Every city has its own political godfather with a checkered personal history, sailor's vocabulary, and unsettling mustache. In San Francisco, that man is John Burton.

The 77-year-old chairman of the California Democratic Party grew up in the Sunset and West Portal neighborhoods, and spent three decades in public office, most recently in the state Senate. He was termed out in 2004. Burton has been around local politics so long that he remembers when Republicans — an American opposition party some San Franciscans may have heard of on television — had a hand in running this town.

"When I grew up, the city was predominantly white," Burton recalls. "African-Americans lived around the Fillmore. The Chinese community never really got much west of Powell, Mason — maybe Taylor — and never north of Geary. The Japanese-Americans were all in concentration camps."

So where does a guy who's seen and done it all get his kicks in a town that has changed so much?

Burton says he likes to frequent the restaurants and neighborhoods that still retain some of their flavor from the old days, although one of his favorite parts of the city — SOMA — is also one of those most transformed by the 1990s influx of dot-com cash. But Burton still has favored haunts. One of them is a relatively new addition to SOMA's formerly industrial landscape: AT&T Park. Burton has Giants season tickets.

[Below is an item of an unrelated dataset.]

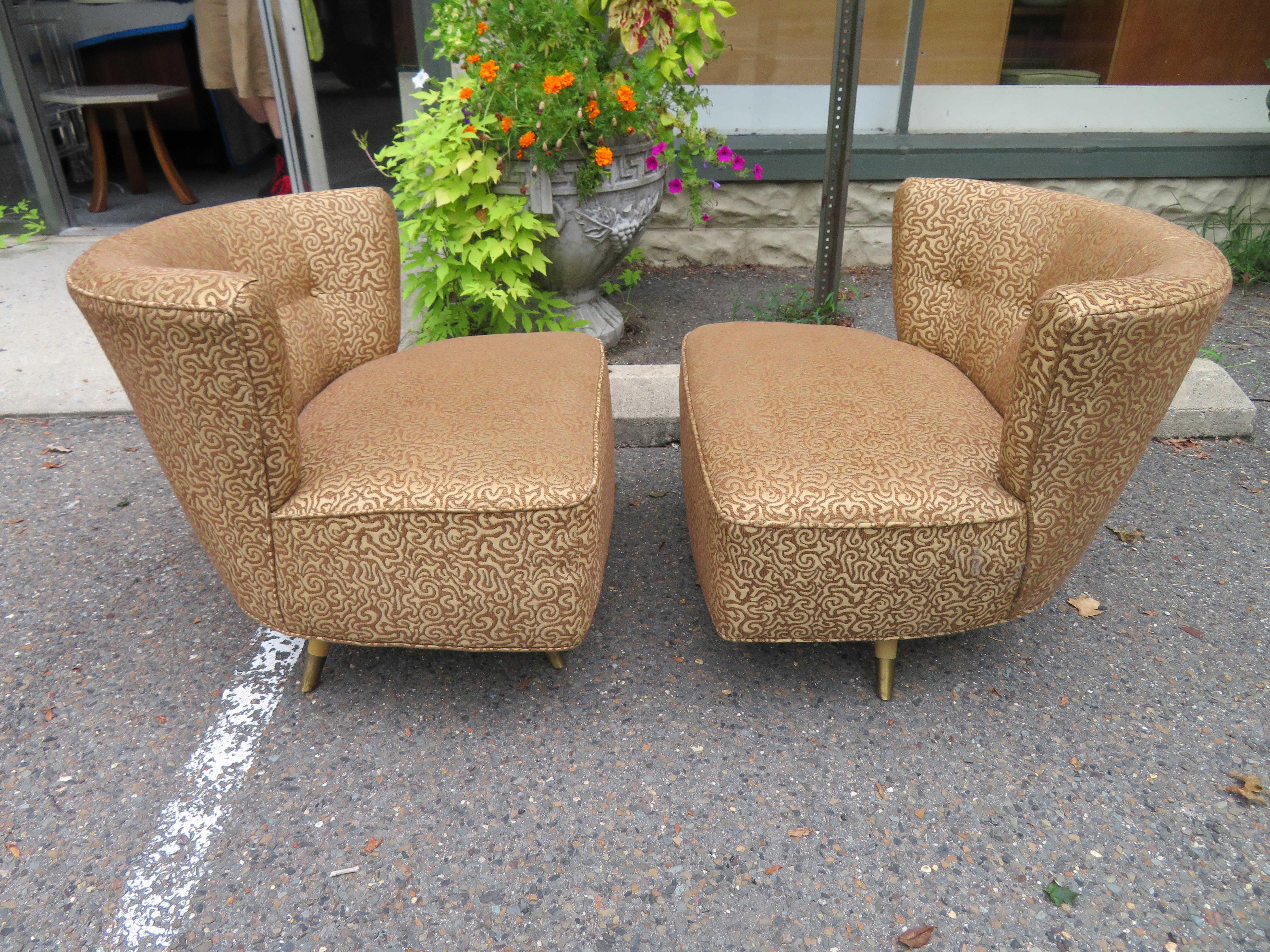 Fabuleuse paire de chaises pivotantes Kroehler, années 1950. Ces chaises ont été récemment retapissées avec un tissu moderne patiné et ont fière allure. Personnellement, j'adore leur couleur, mais un designer sur 1stdibs en a retapissé une paire en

"You take all of the goddamn developments over I don't know how many years, and that to me is one of the best things — if not the best thing — that happened to the city," he says of the Giants' swanky baseball stadium. Another SOMA favorite of Burton's is Rocco's restaurant; he also includes Pazzia, Tommy Toy's, Caesar's Italian Restaurant, and Yank Sing on his short list of preferred eateries. "If you're going to list any restaurants, list them all, or somebody's going to be pissed," he says.

As for San Francisco politics — so often cause for lamentation these days among pundits who see City Hall as a hub of dysfunction — Burton says he's still a fan of the city's leftward bent and hyperactive political culture. San Francisco "supports liberal people, so you can go into office and vote your conscience and not worry about everybody being against you. ... People are very active and concerned about their city."

That's a good thing? "It can become a pain in the ass once you're elected," Burton acknowledges. "But I think it's a good thing, because it keeps people honest."